Endocrine 2017 04 1258(3) 535-541 doi 10.1007/s12020-017-1289-2
Ipilimumab is a human monoclonal antibody directed against cytotoxic T-lymphocyte antigen-4, that has been shown to significantly improve survival in patients with metastatic melanoma. Blocking cytotoxic T-lymphocyte antigen-4 elicits T cell activation, proliferation and anti-tumor response, but can also trigger immune-related adverse events. Among immune-related endocrinopathies, hypophysitis represents the most frequent, with an incidence up to 17% in patients treated with ipilimumab.
DESIGN AND METHODS
We report nine cases of ipilimumab-induced hypophysitis in a cohort of 273 patients treated with ipilimumab between 2006 and 2015, as part of clinical trials or after its marketing. Thyroid function tests were scheduled at screening and during follow up (every 21 days) in all patients. Cortisol, adrenocorticotropic hormone, follicle-stimulating hormone, luteinizing hormone, and estradiol (for females) or testosterone (for males), prolactin, growth hormone, insulin-like growth factor 1 were measured only in case of clinical suspicion.

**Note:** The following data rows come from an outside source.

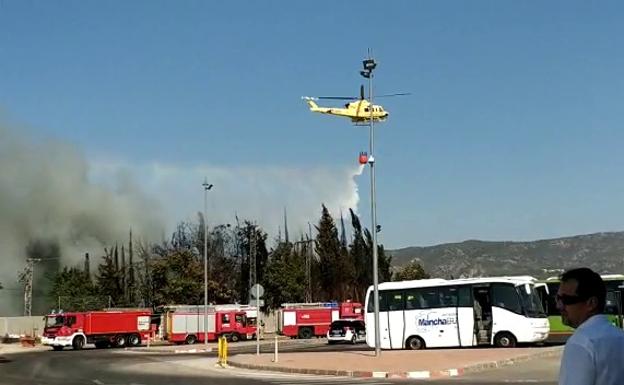 Los bomberos impiden que un incendio llegue a las cocheras de Latbus en la carretera de El Palmar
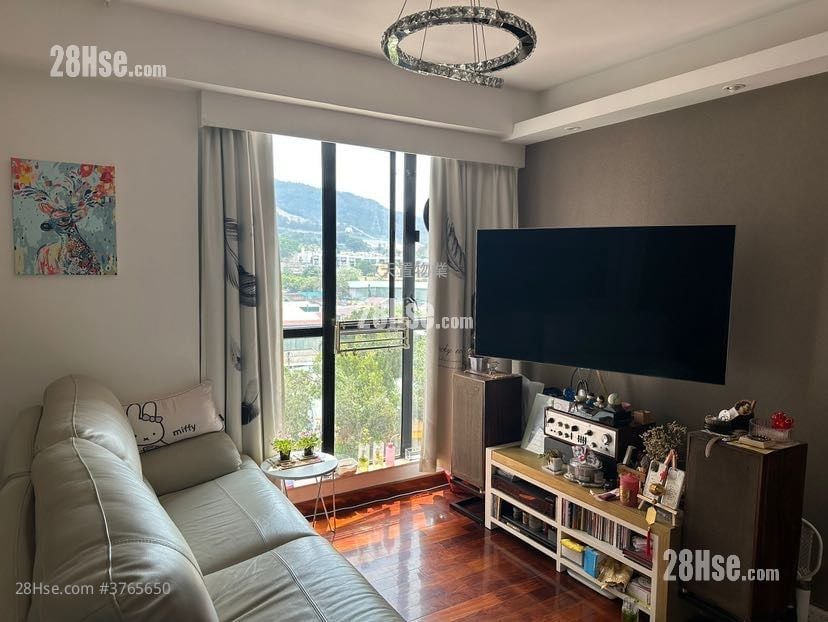 Symphony Garden Sell 2 Bedrooms , 1 Bathroom 438 ft²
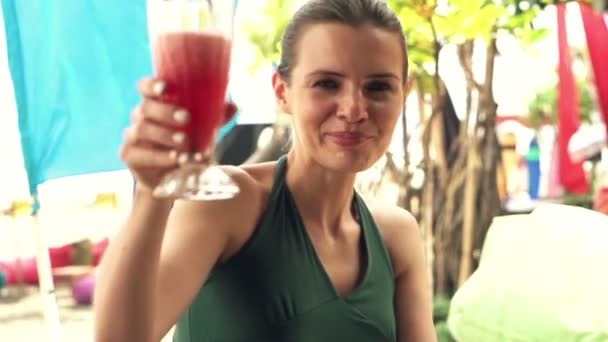 Femme lever des toasts et boire un cocktail — Video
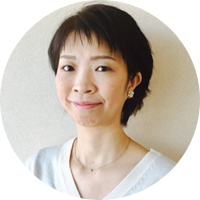 Retty株式会社コミュニティチームマネージャーRettyグルメニュース編集長草深 由有子氏ベネッセコーポレーションにて、主婦向け生活情報誌、幼児のいる家庭向け食育料理雑誌の編集を担当。クックパッドに転職し、クックパッドニュースを立ち上げ、クックパッド編集長に就任。クックパッド料理動画の拡大や、公式キッチンの運営、トップページのレシピ選定等を行った。2017年よりRettyへ参画。「人から食を捉えるとグルメはもっと楽しくなる」をポリシーに、編集長としてRettyグルメニュースを運営すると共に、コミュニティチームマネージャーとしてコミュニティ施策をリード。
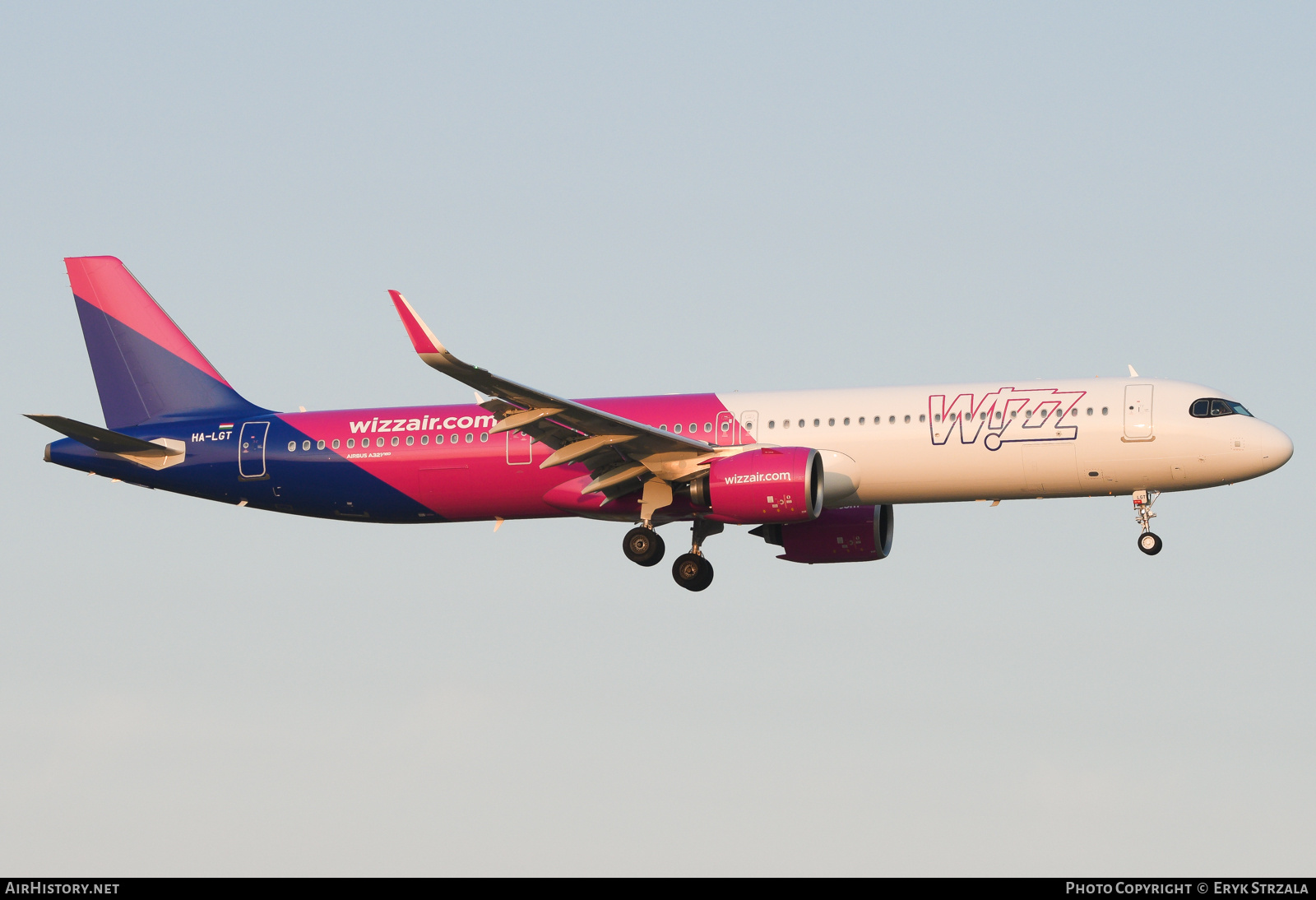 Aircraft Photo of HA-LGT | Airbus A321-271NX | Wizz Air | AirHistory.net #842008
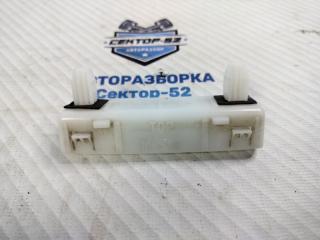 Запчасть кронштейн бампера задний Nissan Qashqai 2010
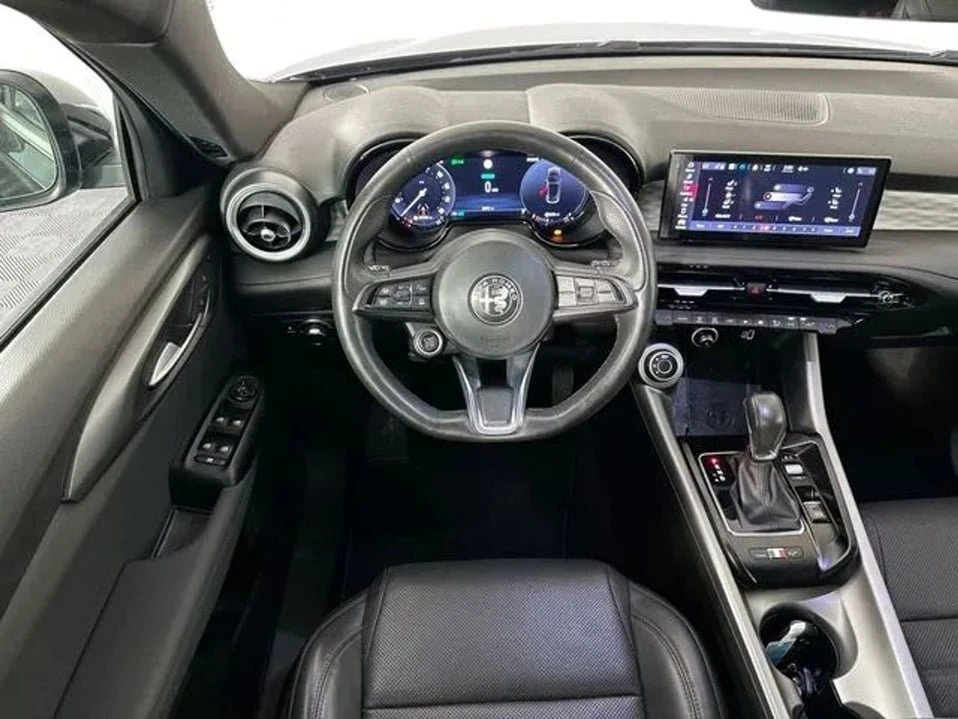 2024 Alfa Romeo Tonale - Image 11 of 20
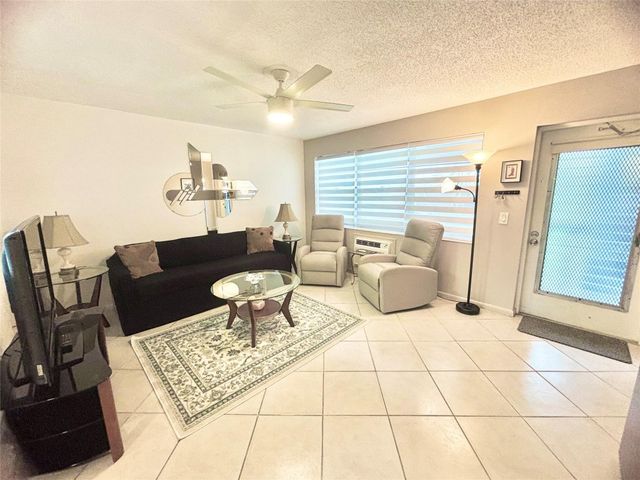 43 Farnham B 43, Deerfield Beach, FL 33442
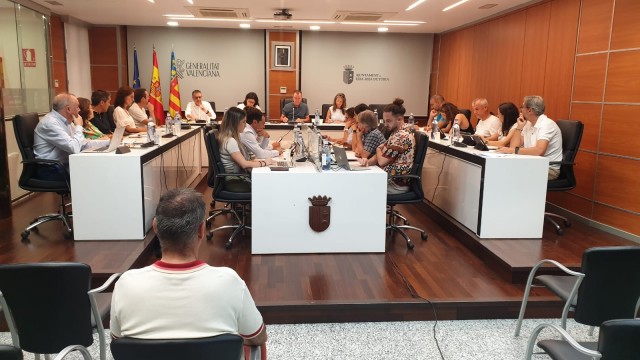 Riba-roja reduce el número de concejales con dedicación exclusiva y ahorra 42.000 euros anuales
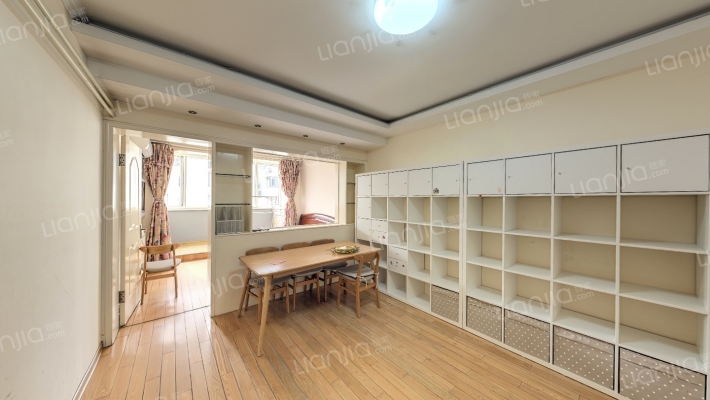 香港花园上环区二手房实景图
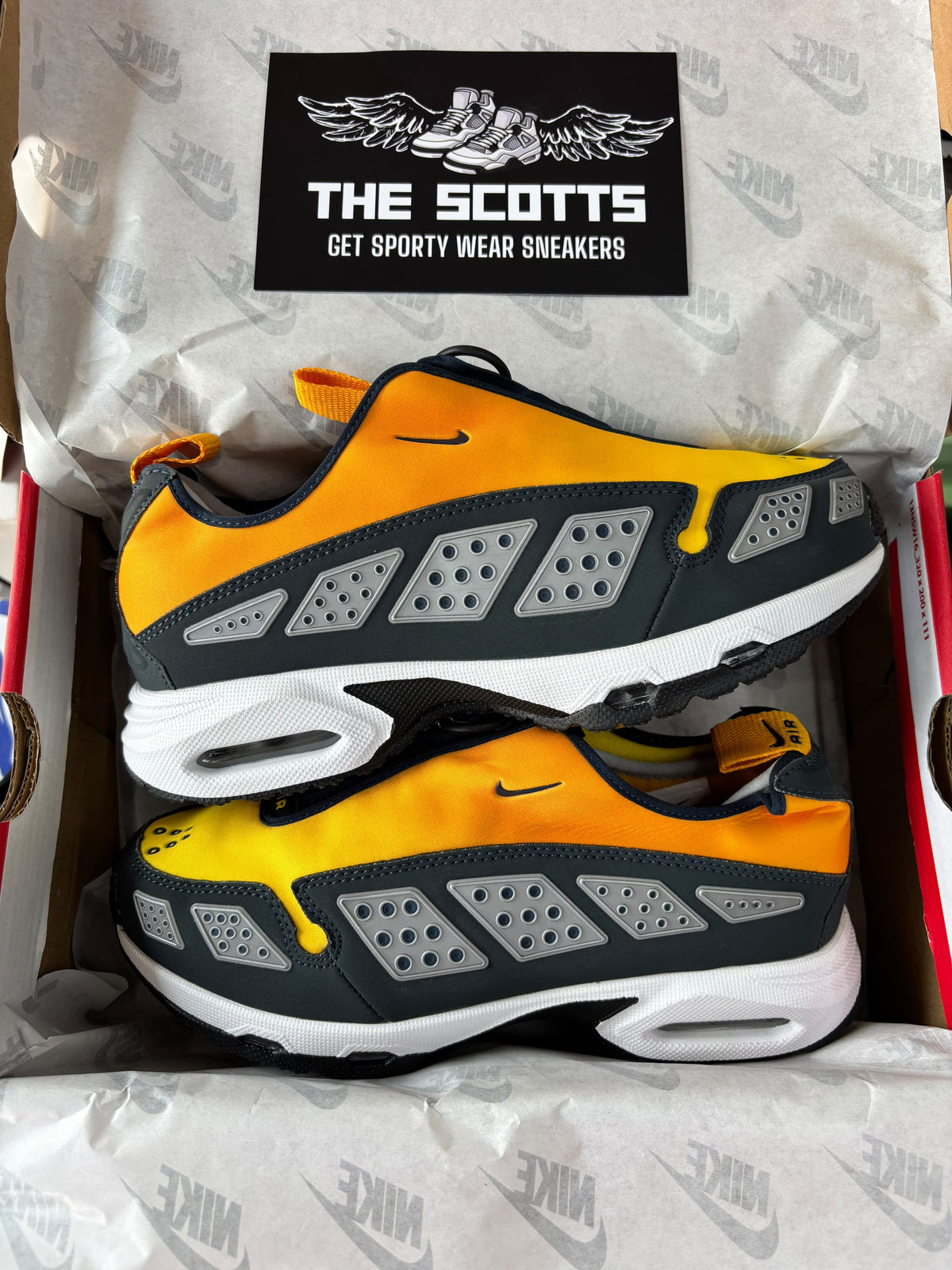 Nike Air Max SNDR "Canyon Gold Deep Ocean"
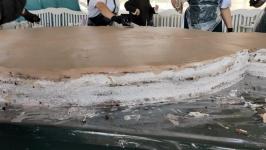 438-сантиметровый торт в виде ключа создают кондитеры в Тобольске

The incidence of hypophysitis was 3.3%. The most frequent pituitary failure was adrenocorticotropic hormone and thyroid stimulating hormone secretion with a complete recovery of thyroid stimulating hormone, but not of adrenocorticotropic hormone during follow up. All patients had negative pituitary antibodies. The main symptoms at diagnosis were fatigue and headache.
Clinicians should be aware about the risk of hypophysitis during treatment with immune check-point inhibitors and the necessity of investigating pituitary function during therapy. Pituitary magnetic resonance imaging does not seem pivotal for a definite diagnosis if not performed at the onset of disease.